13 thoughts on “Safe Conversation Topics

  1. It isn’t easy. Add to that the fact they feed poisons to dairy cows and food has no nutritional value. He was my father. Conversations were difficult.

  2. Ahab says:

    Ignore them. Refuse to engage them on particularly controversial topics. This will save you a lot of frustration in the long run.

    • prairienymph says:

      Good advice- but not easy. I have inherited the contrary gene and it is really hard to let things pass.
      I listened to an hour of ‘conversation’ about how evil athiests and GLBT people and managed to remain silent (by drawing pictures of babies).
      I am afraid I’ll have to start watching hockey and bullriding to find something safe.

  3. theo(il)logical says:

    This is probably your most brilliant post to date!

  4. ain't for city gals says:

    Hi, After reading your previous posts I see we share the same opinions….organized religion or hypocrisy does not hold a place in my life anymore…and therefore I no longer have anything in common with my siblings….we still associate but the distance is there….and hard to have a conversation with them even when we are all in the same room….

  5. Snowbrush says:

    I would suggest that you run, but then I’ve been reading book after book on Nazis and neo-Nazis, and what I’ve learned is that many of them appear–my interpretation–to be sane in every way except when it comes to Jewish conspiracies. I think that a great many people are the same way in regard to other areas, and once they have shown themselves to be utterly incapable of thinking logically or calmly considering the evidence, there is little to no possibility of reaching them.

    • prairienymph says:

      I used to think it was more ‘spiritual’ (better) to bring every conversation back to God. And this worldview includes demons and therefore conspiracies.
      I don’t think I can run from the majority of my family and childhood friends. I do think the majority of illogic comes from ignorance. Some of it willful ignorance. Maybe that isn’t much different from the Nazis.

  6. atimetorend says:

    I sure don’t have an answer to that question.

    My experience is to push back a little, but not a lot. Say, promote *vaguely* liberal Christian theology in the face of fundy nonsense, but not in a confrontational way. Eventually the conversation becomes painful to the other person as well as me. Then we are on the same team in searching for conversation topics, whether they are academic aspects of religion we can agree upon, sports, food, etc.

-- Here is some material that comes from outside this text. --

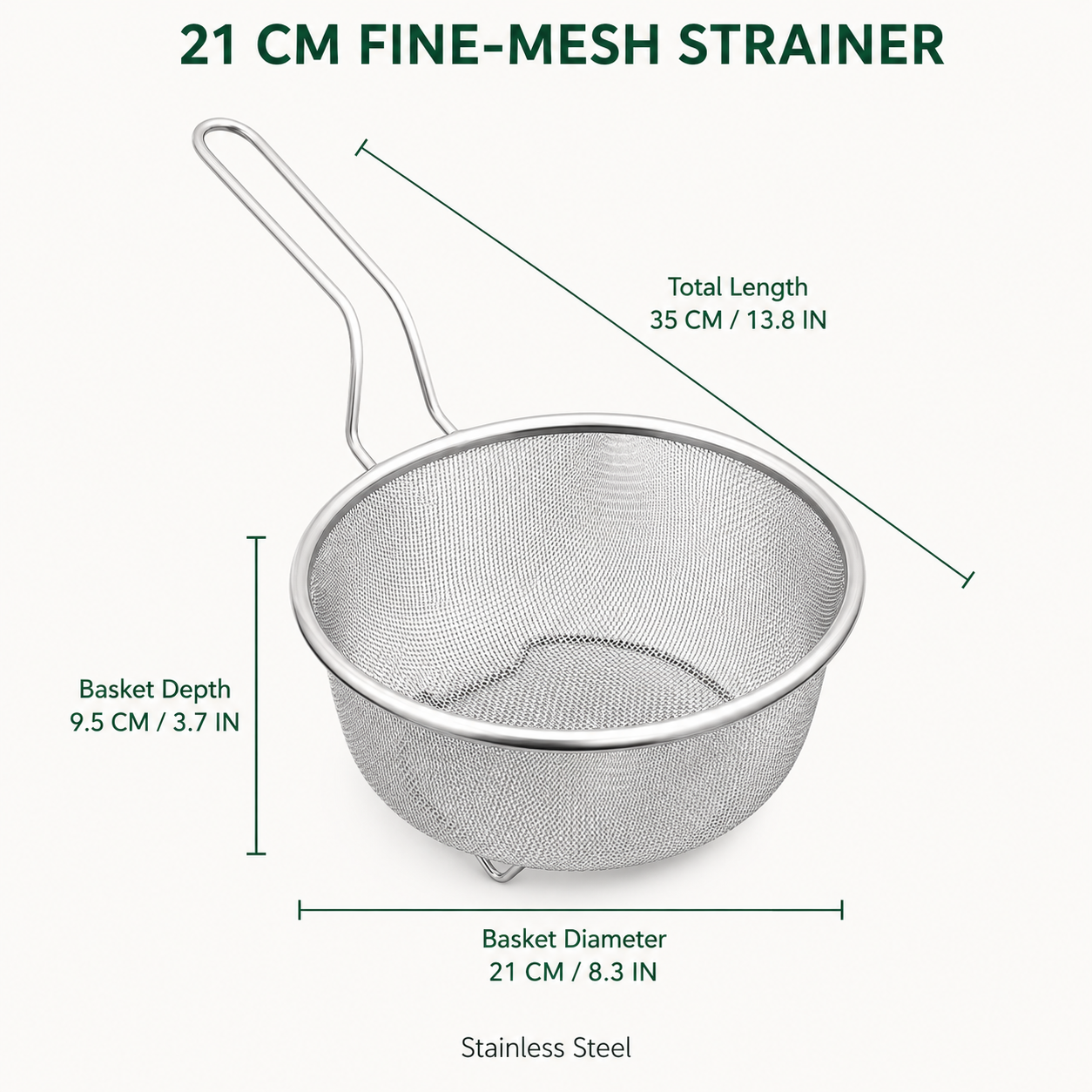 Stainless Steel Sieve with Handle🥄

    But the hockey and bullriding thing… I grew up in a rural area, my parents were outsiders. I learned to talk about hunting and guns and tractors despite having little actual involvement with either.

  7. atimetorend says:

    Oh, and I was always taught this in church too:
    I used to think it was more ‘spiritual’ (better) to bring every conversation back to God.

    Which does make it extra hard to be around people from that church, because I know they feel they should be doing that. I have to try to block it from my mind when conversing with them.

    • prairienymph says:

      True. I just finished a conversation with my father-i-l where he was trying to say that Canadians should leave Afghanistan because the bible prophesies war in that area and it will bring the end of the earth and Jesus’ return quicker.

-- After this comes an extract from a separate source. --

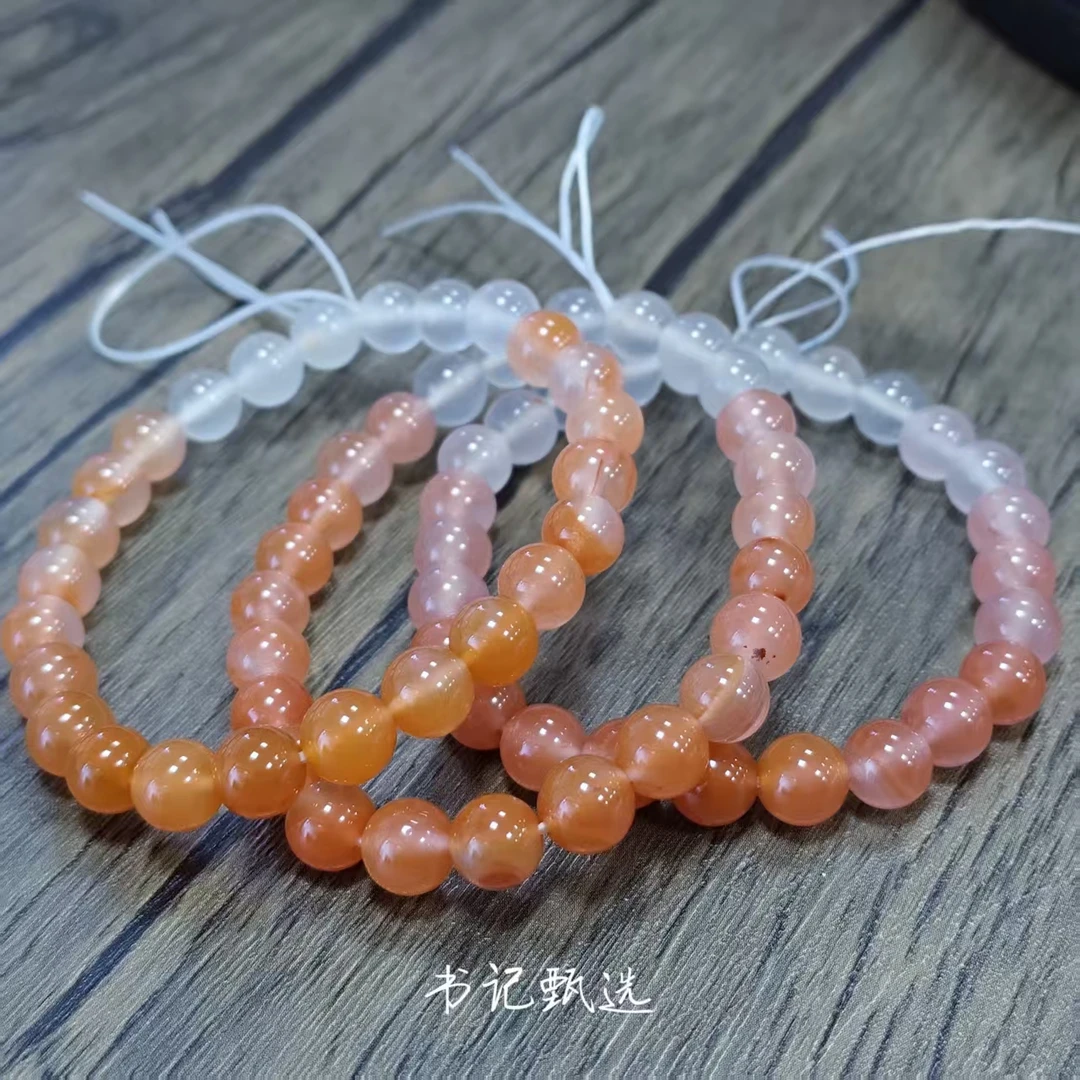 【村有晶品】原创渐变南红单圈手链 多样性发一件 约7mm 390ZBJY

      I changed the topic to Rememberance Day and the Dutch relatives who were part of the Underground Resistance. Score! (I don’t know if he caught the parallel or not.)

  8. Snowbrush says:

    “Which does make it extra hard to be around people from that church…”

    You could bring every conversation back to…I don’t know…what you want for supper might do.

  9. prairienymph says:

    Food! Yes. Thanks. I’ll just try and avoid it during the week of fasting and prayer.